Oklahoma gave up 477 yds and 41 points to Iowa State, but otherwise handled the Big 12 offenses pretty well (GAME LOG). They never looked as dominant as OSU or some of the others, but they also didn't really look like they were out of control until the LSU game (which also happened to two other teams listed above).
Completely agree. The difference is every team is doing what you describe, meaning what defenses have to prepare for week-to-week isn't all that different anymore.
Thank you, extremely well put.
There was no problem with Schiano's philosophies, but those were desires, not plans.
Schiano kept it really simple in 2016 because he had the same formula as last year's defense (3 stud CBs and 1 smart FS, a talented DL that could create pressure without blitzing, and smart LBs that had already played a lot of football). As a result, Schiano could just line up in Cover 1 and down dare opponents to beat them. Other than DeShaun Watson and Clemson, no one really did.
As time went on and those wide talent advantages went away, Schiano had to do more schematically to make up for it, but eventually, he didn't have the answers to every test and it showed. The goal of the current system is to always KISS (Keep It Simple Stupid) and rely on your technique, not the latest blitz check you borrowed from an NFL playbook.
Good catch, that game might be worth a rewatch as well...
Schiano went from having a secondary full of first-rounders to having none in 2018 (safe to say Arnette and Okudah were not the same players then that they are now) and losing Bosa meant OSU couldn't really get pressure without having to blitz, which obviously puts the coverage structure at risk.

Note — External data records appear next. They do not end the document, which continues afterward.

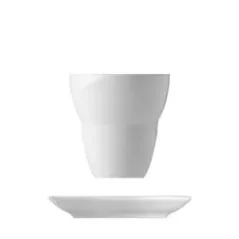 fehér Bellevue latte csésze
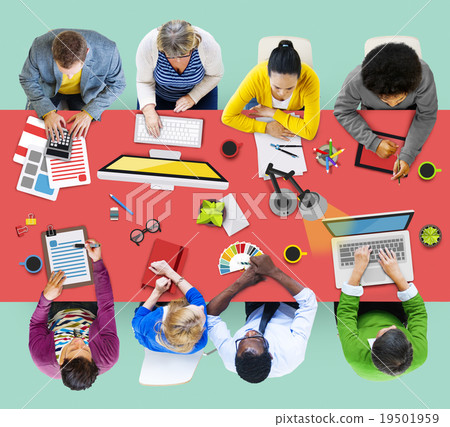 Administrator Casual Colleagues Team Teamwork Togetherness Conce 19501959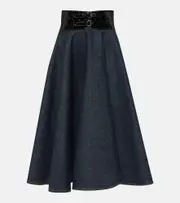 [Alaia] Alaïa Denim midi skirt AU 6 blue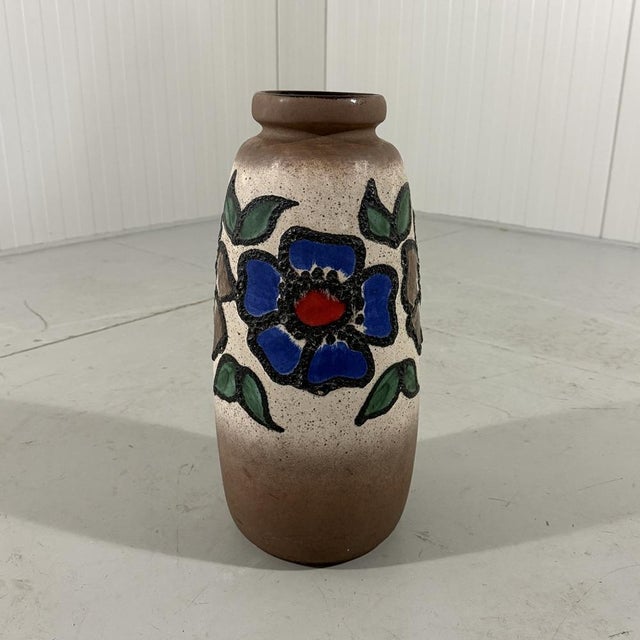 West-German Floor Vase from Scheurich Keramik, 1960s For Sale - Image 6 of 11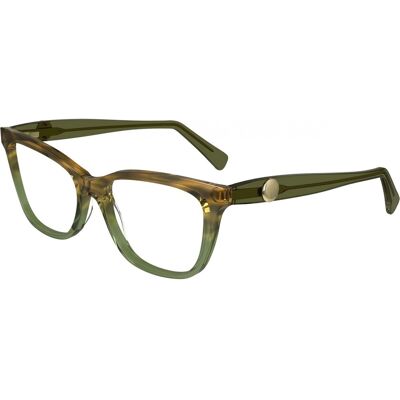Lunettes De Vue Longchamp Lo2744 N Textured Green 52/16/140 Femme - Publicité Lunettes De Vue Longchamp Lo2744 N Textured Green 52/16/140 Femme - Publicité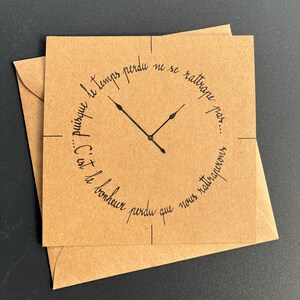 Carte sur le bonheur, carte sur l'avenir, carte d'amour. image 4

The entire point is allowing talented players to do their thing gets amplified by others. Chase Young's talent allowed the rest of the DL to shine as he drew attention. That attention up front made life easier on the corners who only had to cover for so long. But by having talented corners on both sides and a DL that got home quickly, the underneath defenders weren't getting picked apart by opposing QBs who knew the scheme.
The problem lies in what happens if you can't replace those players year to year.
Good question. Day is banking on Brown staying true to his own tendencies, which is common for most coaches when in tight situations - calling the play you're most confident in your team executing. This isn't a problem for Brown against most teams, but Day knows him well enough to anticipate what Brown will lean on in certain situations.
This doesn't mean that his system is flawed (it's not), it simply means that he needs to break his own tendencies against OSU such as sitting back when he'd typically blitz, showing zone and playing man, using different personnel packages, etc...
No matter how talented a team may be, it can be stopped if the opposing team knows what's coming. This has happened to the Buckeyes more times than many readers here would like to admit (think the 2nd and 3rd quarter of the Fiesta Bowl, when OSU couldn't seem to run the ball). Talent has certainly played a part in the gap between Ohio State and their rivals, but the chess match between the two coaching staffs has also remained in the Buckeyes' favor.